On Friday, the 13th of September 2019, the Cupertino-based iPhone maker which had recently announced a launch of its $5-per-month streaming television platform Apple TV+ by next November, sent response to a disputed research note of Goldman Sachs in which the US lender and financial service provider had been quoted saying that the iPhone maker’s plan to bank on its trial of new streaming service, Apple TV+, a smaller competitor to streaming media pioneer Netflix Inc.
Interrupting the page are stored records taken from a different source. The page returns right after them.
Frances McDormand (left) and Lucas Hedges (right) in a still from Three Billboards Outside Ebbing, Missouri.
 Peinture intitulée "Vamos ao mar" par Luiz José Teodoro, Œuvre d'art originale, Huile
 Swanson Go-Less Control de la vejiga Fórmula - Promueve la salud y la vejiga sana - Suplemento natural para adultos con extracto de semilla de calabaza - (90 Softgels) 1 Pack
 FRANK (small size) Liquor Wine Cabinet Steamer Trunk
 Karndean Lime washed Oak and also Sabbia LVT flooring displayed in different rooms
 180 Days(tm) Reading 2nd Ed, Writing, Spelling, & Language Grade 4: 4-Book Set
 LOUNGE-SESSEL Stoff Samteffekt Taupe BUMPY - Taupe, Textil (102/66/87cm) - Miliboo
and Disney+, would likely to brew an overall “material negative impact” over the company’s financial results. Nonetheless, as a response to Goldman Sachs research note, Apple Inc. said to the reporters on Friday (September 13th) market closure, “We do not expect the introduction of Apple TV+, including the accounting treatment for the service, to have a material impact on our financial results.
” In point of fact, Goldman Sachs’ latest research note which casted further clouds on Apple Inc.’s economic outlook came shortly after the financial service provider had slashed its price target for Apple shares adding that the company’s plan to expense a heavy sum on originals would hurt its gross profit and earnings’ per share, which in effect resulted in a nearly 2 per cent loss of Apple Inc.
shares on Friday’s (September 13th) market closure, dragged Wall St. downward and prompted the US indices to wrap up the week in a downbeat note despite a flurry of meaningful progress on Sino-US trade spat.